「出るよ」

 ネオン街の端、薄暗い有料駐車場に車を止めた終夜は、あっさりとそう言って運転席から外へ出た。
 四苦八苦しながらなんとか助手席に移動して座っていた明依も、慌てて外へ出て終夜の後ろに続く。水を吸った着物は酷く重い。それは、初めて終夜に会った日に感じていた不快感に似ている。
 人と人とがやっとすれ違えるくらいの裏路地。ビルの隙間にあるその道は、吉原の裏道よりもずっと冷たい。

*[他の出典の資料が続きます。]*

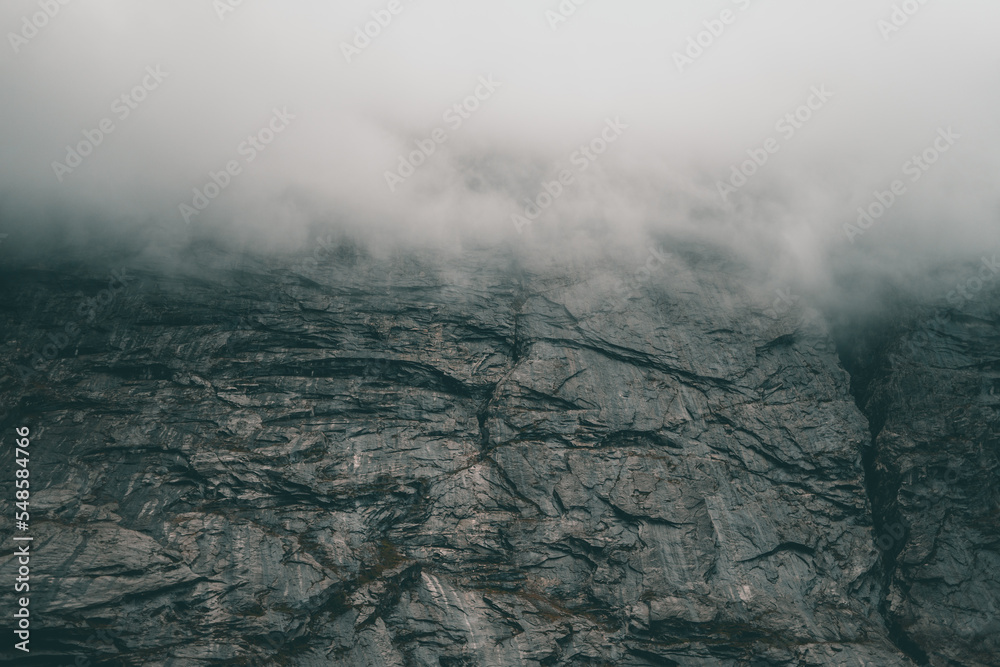 Fototapeta premium Beautiful mountain with some fog and clouds on it Background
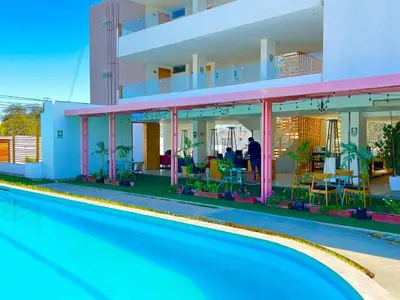 a house with a swimming pool next to a building at Hotel Balistra in Ica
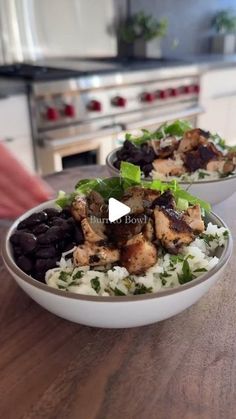 two bowls filled with food sitting on top of a wooden table next to an oven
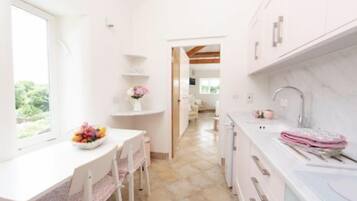 A bright kitchen with white cabinets, a marble countertop, and a window providing natural light.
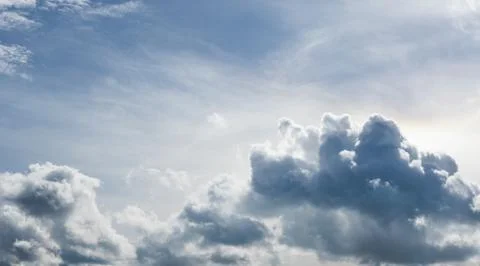 White fluffy clouds in the sky Stock Photos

 少し先には、今にもおっぱじまりそうな雰囲気で見つめ合っているカップルがいる。熱く絡まり合っているカップルに空気も読まず、ちょっとどいて、とでも言うつもりなのか、終夜はためらうことなく足を進めている。

「うっそ、花魁じゃん!うける」
「は?え、マジじゃん。やべー」

 女が先に声を上げ、それから男がこちらを向いてポケットを探った。
 あの熱い雰囲気はどこに行ったんだと思うくらいの切り替えを見せるカップルに呆れながらも、まあそうなるよな、と思いながらこれからどうするのが正解なのだろうと終夜を見た。

「写真撮っていいすか?」
「ゴメン、お兄さん。ちょっと寝てて」

 終夜は突然、男の腕を掴んで壁に押し付けた。それから男の首を抑えると、鈍い声を漏らして手からスマホを落とし、そのまま終夜に寄り掛かった。

「ひ、人殺し!!」

 終夜の勘に触ったのか、それとも計画通りなのか。予想外の動きをする終夜に唖然としている明依の意識を正常に戻したのは、女の叫び声だった。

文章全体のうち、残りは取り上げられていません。